Authors: Lauri Ahonen
Crowding is a phenomenon where the identification of objects in peripheral vision is deteriorated by the presence of nearby targets. Crowding therefore reduces the extent of visual span, i.e. information intake during a single eye fixation. It is, thus, a limiting factor of many everyday tasks, such as reading. The phenomenon is due to wide area feature integration in the higher levels of visual processing. Despite the critical role of the phenomenon, complex natural images have so far not been used in the research of crowding. The purpose of the present study was to determine how the crowding effect affects object recognition in complex natural images, and whether the magnitude of the crowding could be modelled using methods introduced below. The actual magnitude of the crowding effect was determined experimentally by measuring contrast thresholds for letter targets of different sizes on various natural image backgrounds. The results of the experiments were analyzed to evaluate the developed methods. The methods are based on image statistics and clutter modelling. Clutter models assess the complexity in the image. The image statistics and the clutter models were combined with basic knowledge of the crowding effect. In addition, an early visual system model was incorporated to assess the role of the visual acuity across the visual field. The developed models predicted the induced crowding effect in an arbitrary natural image. The model of the visual system contributed to the results, as well.
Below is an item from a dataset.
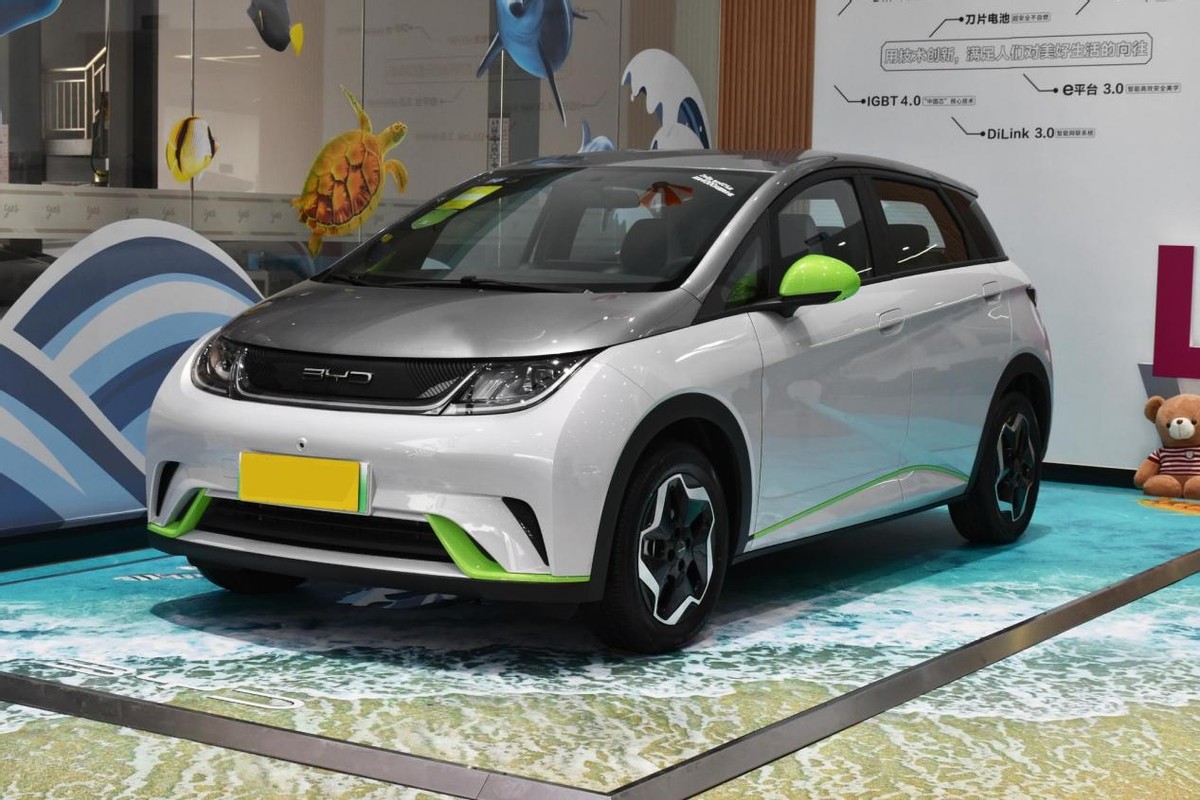 城市小精灵代步首选车,比亚迪宝骏售价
The differences between the methods for assessing the image properties were, however, negligible. Contrast energy, the simplest measure, can be regarded as the most efficient. Natural images can cause very strong crowding effects. The conclusion is that predicting quantitative dimensions of the crowding effect in an arbitrary image is viable. However further research of the subject is necessary for developing the models. Computational assessment of the crowding effect potentially can be applied to e.g. user interface design, assessing information visualization techniques, and the development of augmented reality applications.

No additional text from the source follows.